▶ _Problem to solve_: Wherever a picture sits, omit it. Output the rest of the listing exactly.

*** Opening of Stored data ***

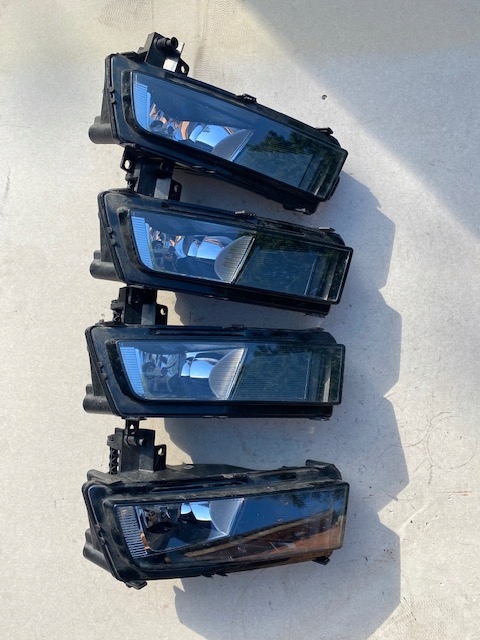 VW TOURAN 15- HALOGEN LEWY PRZÓD 5TA941661A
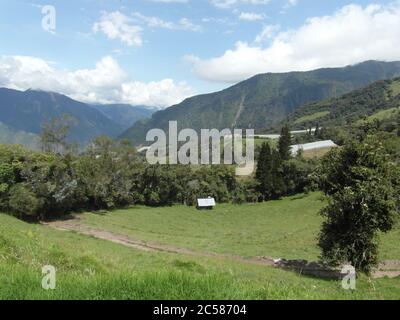 Atemberaubende Berge in Banos und das berühmte "Baumhaus". Casa de Arbol, Ecuador Stockfoto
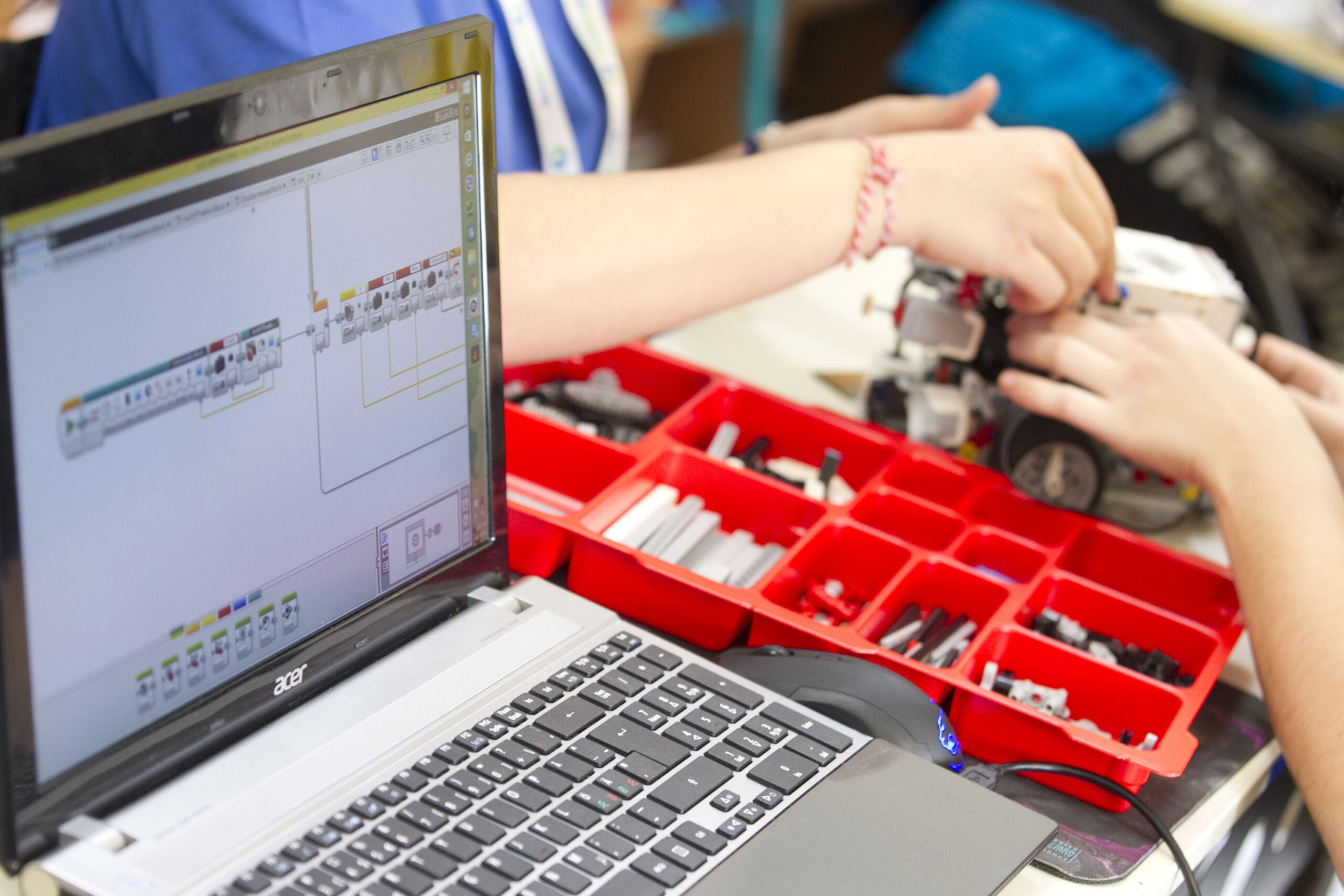 Σε τέσσερις ελληνικές πόλεις το CodeAthon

*** Close of Stored data ***

▶ _Answer_:
 VW TOURAN 15- HALOGEN LEWY PRZÓD 5TA941661A
 Atemberaubende Berge in Banos und das berühmte "Baumhaus". Casa de Arbol, Ecuador Stockfoto
 Σε τέσσερις ελληνικές πόλεις το CodeAthon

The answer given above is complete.